18  Each of them has lost his faith.

19  To each of you, I want to say: you are truly courageous men. It is the courage of those who know they have suffered harm as a result of something that was not of their making and was not their fault, but who have had the courage to keep on going and to keep on living. You have not given up on yourselves, or on life, although not surprisingly you mourn the life, the loss of the life that you feel you should have been able to enjoy had this not happened to you. Each of you has had the courage to make your statements and to participate in the court process. You may have been powerless when the offences were committed on you, but by telling your stories, you have shown that you are not powerless now. The church may not have protected you when it should have, but the response of the criminal justice system I hope, will encourage other victims of past sexual abuse to trust that their complaints will be heard and investigated and lead to those who have sexually abused children being held accountable.

20  This was a gross abuse of trust. You were a priest. They were young Catholics, baptised and brought up as such. They were children of parishioners, parishioners themselves and altar boys. To them, you represented the church, its teachings, values and moral precepts, as well as the authority that the church claims over its congregation.

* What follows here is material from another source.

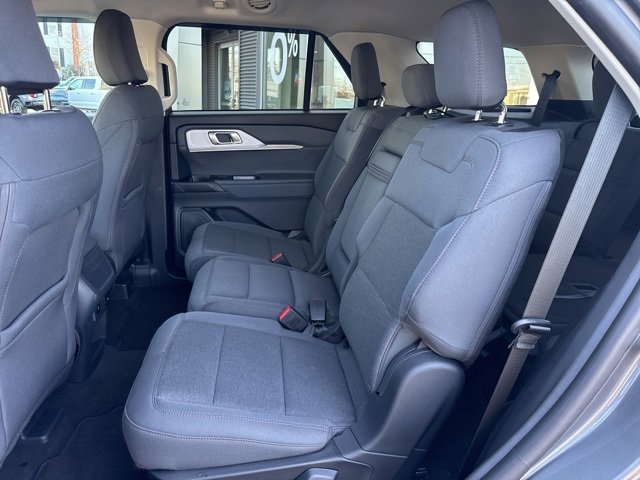 Certified 2025 Ford Explorer Active image 40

21  The victims were young and each, in his own way, vulnerable.

22  You lied and bullied your way out of exposure and continued to offend against your second victim. You were an adult, they children entrusted to your pastoral care and you had the authority, for them and their parents, of a holy man, an ordained priest in their faith.

23  It is clear therefore that subject to consideration of matters personal to you, denunciation and deterrence are important considerations when considering what constitutes just punishment.

24  You come before the court, at 64, as a very different man from the one who offended against these two boys. By your mid 30's you had taken leave from priestly duties, although you have not been removed from the priesthood, or defrocked. It is in my view remarkable that the church hierarchy has not taken any steps to formally strip you of your priesthood, not after you admitted your sexual misconduct, not after you were charged, not after you indicated your intention to plead guilty. This is not something that adds to the seriousness of your offending, or bears on the sentence to be imposed upon you, but it is a matter I hope the Royal Commission and the other inquiries currently running in to institutional responses to sexual abuse of children will consider.